Russia’s Human Rights Activists are Bowed But Not Broken
The mood was dour at a small ceremony on July 15 in Moscow marking the one-year anniversary of the death of Natalya Estemirova, the human rights activist whose abduction and murder in Chechnya last year shocked the world. It was a gathering of friends, journalists, academics, and colleagues from Memorial, the human rights organization that Estemirova used to lead — a small group of people, all of whom were pessimistic about the way forward. Twelve months after her death, Estemirova’s murderers still have not been brought to justice, and the continued persecution of and attacks against activists working in Chechnya have rendered Memorial’s broader struggle for justice impossible.
Estemirova’s death cut short not only the activist’s life but also Chechnya’s hopes for improved human rights. The eulogies made it clear just how much Estemirova is missed and how fractured the movement now finds itself without her. “She was the driving force behind every major human rights abuse case we monitored in Chechnya,” one eulogy proclaimed. “We never learned to live without her.” “They first killed Natasha, and now they are trying to kill our activity,” said Yekatena Sokirianskaia, Estemirova’s friend and colleague at Memorial. “Chechen authorities declared an open war against us.”
The first signs of trouble came immediately after Estemirova’s death. Memorial’s chairman, Oleg Orlov, publicly blamed the murder on Ramzan Kadirov, because the [puppet] Chechen president had reportedly made death threats against Estemirova on numerous occasions. But in response, Kadirov filed a successful defamation suit against Memorial for damaging his “honor and dignity.” Despite the suit and the fines that followed, Orlov and his center continued to demand an investigation into Kadirov’s involvement.
Other Memorial activities have been severely hampered by threats and violence over the past year. A month after Estemirova’s murder, the bullet-riddled bodies of the head of a local children’s charity and her husband, abducted from their Grozny office, were found in the trunk of their car. People in uniforms wearing baseball hats with the letters KRA on the brim — Kadirov Ramzan Akhmadovich (the [puppet] Chechen president’s full name) — took to loitering outside Memorial’s office. Day and night, Volga cars with dark-tinted windows followed Memorial’s activists through Grozny as they followed up on abduction cases.
Kadirov himself has even appeared to be urging [his] local [puppet] militia members toward violence through his public statements on [puppet] Chechen television. In one interview, the [puppet] president described Memorial as an anti-Russian organization helping terrorists and damaging the country’s reputation. “There are certain people who call themselves ‘human rights defenders,’ who actually help these militant scum,” he said. Later, not satisfied with winning the defamation suit alone, Kadirov also filed a criminal complaint against Orlov for slander, which could bring a three-year prison sentence. A verdict is still pending.

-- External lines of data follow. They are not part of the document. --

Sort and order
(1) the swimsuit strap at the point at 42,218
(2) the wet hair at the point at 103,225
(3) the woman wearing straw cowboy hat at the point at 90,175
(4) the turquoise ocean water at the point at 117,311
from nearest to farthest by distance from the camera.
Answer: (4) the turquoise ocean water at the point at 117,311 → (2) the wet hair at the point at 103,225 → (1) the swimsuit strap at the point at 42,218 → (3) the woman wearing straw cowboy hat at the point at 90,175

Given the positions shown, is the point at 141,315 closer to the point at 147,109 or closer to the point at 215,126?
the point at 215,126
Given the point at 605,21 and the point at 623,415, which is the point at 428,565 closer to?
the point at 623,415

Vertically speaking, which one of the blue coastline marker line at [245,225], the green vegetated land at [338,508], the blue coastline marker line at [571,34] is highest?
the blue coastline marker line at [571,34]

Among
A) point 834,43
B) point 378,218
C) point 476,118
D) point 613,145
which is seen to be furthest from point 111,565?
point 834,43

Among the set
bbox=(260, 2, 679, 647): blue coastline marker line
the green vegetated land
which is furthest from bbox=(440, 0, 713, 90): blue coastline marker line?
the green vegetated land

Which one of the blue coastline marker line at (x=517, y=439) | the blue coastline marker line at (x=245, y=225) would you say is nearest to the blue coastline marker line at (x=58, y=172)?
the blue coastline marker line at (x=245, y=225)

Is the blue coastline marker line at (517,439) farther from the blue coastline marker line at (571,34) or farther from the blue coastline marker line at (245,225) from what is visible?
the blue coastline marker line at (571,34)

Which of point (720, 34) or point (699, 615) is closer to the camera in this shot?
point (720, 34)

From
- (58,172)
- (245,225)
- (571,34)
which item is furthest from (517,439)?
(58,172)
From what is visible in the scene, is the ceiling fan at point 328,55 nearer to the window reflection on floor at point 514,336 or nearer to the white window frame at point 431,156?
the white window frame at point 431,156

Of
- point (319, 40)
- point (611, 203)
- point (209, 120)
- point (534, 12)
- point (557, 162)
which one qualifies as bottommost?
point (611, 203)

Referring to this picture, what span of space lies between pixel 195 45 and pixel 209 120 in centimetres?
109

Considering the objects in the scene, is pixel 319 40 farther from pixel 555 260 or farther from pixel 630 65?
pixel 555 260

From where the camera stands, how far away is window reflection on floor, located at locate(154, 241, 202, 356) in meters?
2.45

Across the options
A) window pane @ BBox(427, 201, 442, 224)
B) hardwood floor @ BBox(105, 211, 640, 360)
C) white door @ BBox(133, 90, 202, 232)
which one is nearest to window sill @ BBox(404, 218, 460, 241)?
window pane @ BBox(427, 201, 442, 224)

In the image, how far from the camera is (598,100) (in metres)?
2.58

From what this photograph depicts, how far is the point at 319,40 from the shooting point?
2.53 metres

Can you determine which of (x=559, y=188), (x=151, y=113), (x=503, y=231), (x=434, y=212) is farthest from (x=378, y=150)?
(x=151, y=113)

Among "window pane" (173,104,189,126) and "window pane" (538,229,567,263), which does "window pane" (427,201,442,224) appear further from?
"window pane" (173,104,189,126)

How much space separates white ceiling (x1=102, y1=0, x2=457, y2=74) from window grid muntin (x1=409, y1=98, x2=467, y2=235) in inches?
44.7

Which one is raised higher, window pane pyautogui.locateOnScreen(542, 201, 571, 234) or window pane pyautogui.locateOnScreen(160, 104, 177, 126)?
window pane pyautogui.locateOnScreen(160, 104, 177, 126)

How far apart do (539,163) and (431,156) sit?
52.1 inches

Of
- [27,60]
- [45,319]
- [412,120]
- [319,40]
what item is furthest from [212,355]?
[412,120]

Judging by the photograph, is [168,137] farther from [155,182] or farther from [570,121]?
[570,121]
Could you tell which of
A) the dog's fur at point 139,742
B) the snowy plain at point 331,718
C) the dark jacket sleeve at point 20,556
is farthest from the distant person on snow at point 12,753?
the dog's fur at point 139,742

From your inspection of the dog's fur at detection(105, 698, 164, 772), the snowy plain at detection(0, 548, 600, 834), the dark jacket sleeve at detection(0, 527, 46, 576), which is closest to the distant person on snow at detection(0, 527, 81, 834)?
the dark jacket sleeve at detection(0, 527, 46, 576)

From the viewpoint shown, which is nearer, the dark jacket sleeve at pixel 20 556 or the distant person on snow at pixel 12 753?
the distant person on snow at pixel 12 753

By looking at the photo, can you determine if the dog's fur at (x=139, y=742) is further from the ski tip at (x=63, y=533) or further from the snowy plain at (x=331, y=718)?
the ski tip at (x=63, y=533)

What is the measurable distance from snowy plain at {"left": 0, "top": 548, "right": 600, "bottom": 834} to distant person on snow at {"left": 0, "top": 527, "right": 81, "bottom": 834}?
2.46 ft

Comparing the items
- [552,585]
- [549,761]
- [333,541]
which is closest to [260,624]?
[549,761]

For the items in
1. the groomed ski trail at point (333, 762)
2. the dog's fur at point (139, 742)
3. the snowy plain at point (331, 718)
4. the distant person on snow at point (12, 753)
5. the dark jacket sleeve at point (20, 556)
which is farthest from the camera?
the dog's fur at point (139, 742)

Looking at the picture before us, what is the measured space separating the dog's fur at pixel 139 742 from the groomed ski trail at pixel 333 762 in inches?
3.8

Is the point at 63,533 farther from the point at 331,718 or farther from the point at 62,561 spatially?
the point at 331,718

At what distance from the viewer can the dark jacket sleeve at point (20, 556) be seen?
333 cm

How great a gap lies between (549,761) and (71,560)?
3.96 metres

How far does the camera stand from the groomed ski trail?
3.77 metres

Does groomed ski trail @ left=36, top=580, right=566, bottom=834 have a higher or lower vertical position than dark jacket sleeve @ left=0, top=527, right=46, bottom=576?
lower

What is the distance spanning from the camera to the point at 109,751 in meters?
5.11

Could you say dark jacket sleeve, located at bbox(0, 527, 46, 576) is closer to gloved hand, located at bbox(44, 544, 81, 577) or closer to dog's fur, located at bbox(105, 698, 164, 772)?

The criminal suit, Orlov and his colleagues thought, was a signal to Chechnya’s [puppet] militias to begin outright attacks against them. And Memorial decided to evacuate its key activists to Norway, France, and the United States. In most cases, the evacuation had to be arranged immediately. Some members had only a few minutes to assemble travel documents, grab their families, and escape.
None of this has stopped human rights work in Chechnya altogether; groups such as Human Rights Watch and Memorial still come to the area to document abuses. But the job has grown even harder. There are fewer researchers and limited resources, and the conditions of the work are more difficult and dangerous than ever. Positive results are equally rare. And without Estemirova, who had the ability to always seem in charge even under the worst of circumstances, Memorial itself looks like a victim — hardly able to help others.”We often hear from people: You could not protect your Natasha, so how can you help me?” Sokirianskaia said. “People choked by fear for their beloved ones feel reluctant to tell us about their troubles.”
Two months ago, Human Rights Watch and Memorial representatives met with Russian President Dmitry Medvedev about the human rights crisis in Chechnya and the threatening statements made by the [puppet] Chechen government toward Memorial researchers. “President Medvedev promised to take measures and create normal working conditions for human rights defenders,” Tanya Lokshina, a Russia researcher at Human Rights Watch, told me. “We urged him to end the rampant impunity . . . but we are still waiting for the Kremlin to make concrete steps in that direction.”
Instead, on July 3, as Memorial and Human Rights Watch were preparing their commemorations of the anniversary of Estemirova’s death, they heard Kadirov on television describing Memorial as “the enemies of people, law, and the state.”
Despite the threats and challenges, Memorial and Human Rights Watch are not going anywhere. Estemirova wouldn’t have it any other way. “We are all hostages of our dignity. Natasha could not stop reporting murders and kidnappings,” said Lokshina. “Each of us feels a moral responsibility to continue our work in Natasha’s memory.”